Defeating the drought

February 3, 2014 -  By

One of the big challenges facing the future of the landscaping industry is water. Or more precisely, the lack of water.

The western United States is facing drought conditions that range from abnormally dry to exceptional drought, according to the National Drought Mitigation Center in Lincoln, Neb. (See map.)

For example, drought conditions are so bad in parts of California they are breaking records dating back to the 1880s.

This current drought follows severe droughts in Texas in 2010-2011 and the Midwest in 2012.

But the recent droughts are not an unusual phenomenon. Texas, which has a typically dry climate to start with, experienced a seven-year drought in the 1950s.

Moreover, the eastern U.S. is not exempt from drought conditions. In 2002, the eastern coastal states–from Pennsylvania to northern Florida—experienced severe to extreme drought conditions.

We all know what happens to our industry when a drought hits. Homeowners and commercial enterprises stop investing in their landscapes, state and local governments impose watering bans and business grinds to a halt while everyone hunkers down and waits for the rains to return. And they unusually do, at some point.

But adding to the water availability problems that periodic drought conditions cause is the inadequate, deteriorating public water infrastructure in our country. In the eastern U.S. much of the public water supply infrastructure is more than 100 years old.
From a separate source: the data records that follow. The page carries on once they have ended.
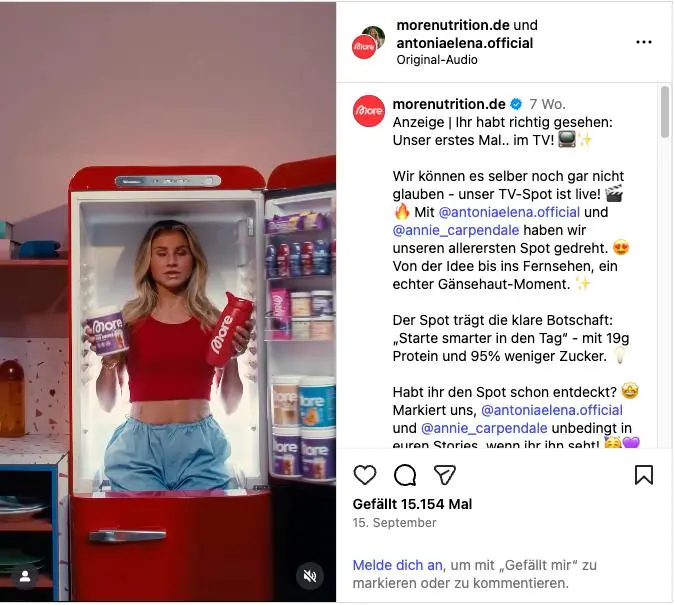 Frau in rotem Oberteil steht in einem offenen Kühlschrank und hält zwei "More Nutrition"-Produkte. Instagram-Post daneben.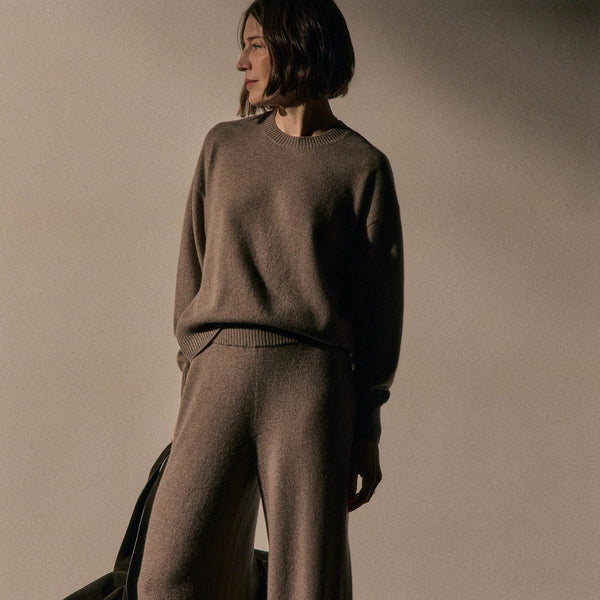 James Perse Spun Cashmere Crew Neck Warm Brown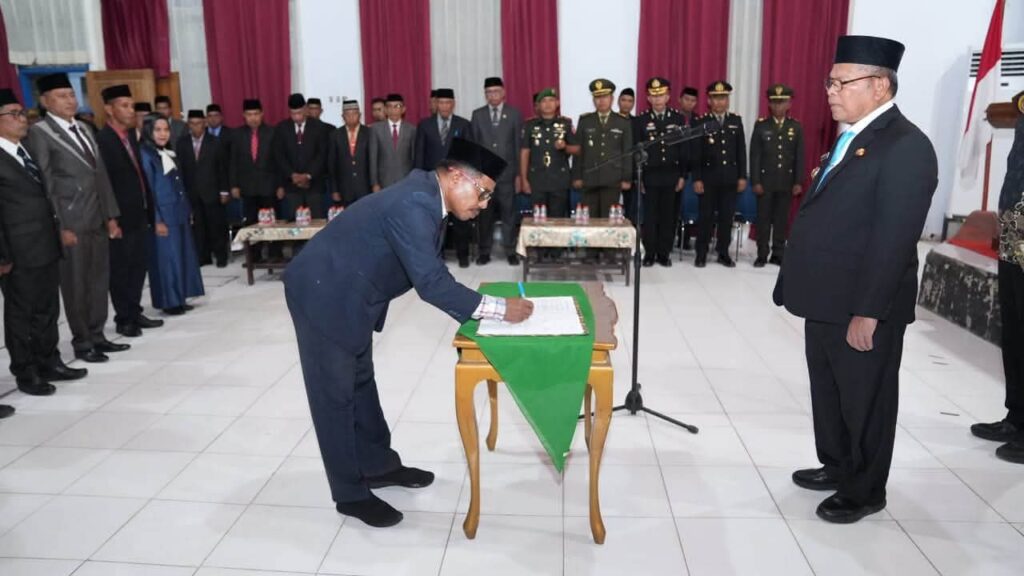 Pelantikan Sembilan JPT Jadi Langkah Bupati Buton Selatan H Muh Adios Perkuat Tata Kelola Pemerintahan, Ini Dia Nama-Namanya 2 Pelantikan Sembilan JPT Jadi Langkah Bupati Buton Selatan H Muh Adios Perkuat Tata Kelola Pemerintahan, Ini Dia Nama-Namanya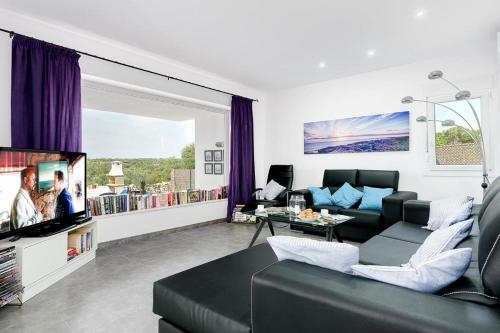 Binibequer Vell Villa Sleeps 6 With Pool Air Con And Wifi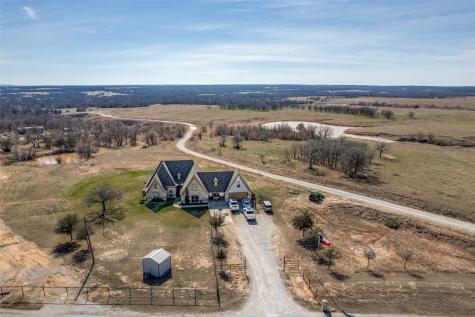1233 County Road 3550 Paradise TX 76073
Some cities even have wooden water pipes still in service.

In the faster growing areas of the country, meaning the west and southwest, the problem is compounded by a naturally scarce water supply. The expansion of public water supply infrastructure has not kept pace with the growth in many of these areas.

In a recent study, the U.S. Environmental Protection Agency (EPA) identified a $500 billion shortfall in public drinking water infrastructure in the U.S. by 2020.

In the Green Industry we rely on an adequate supply of water, either from Mother Nature or from public drinking water systems. But that supply is increasingly under pressure.

So what do we do to keep our industry healthy in a drier, parched environment?

Minimize water use

First, we must learn how to do what we do in ways that minimize water use, especially from public drinking water supplies. Public drinking water is becoming increasingly expensive and your clients are not going to want to maintain a landscape that drives up their water bills or looks bad when it doesn’t get the irrigated water it demands.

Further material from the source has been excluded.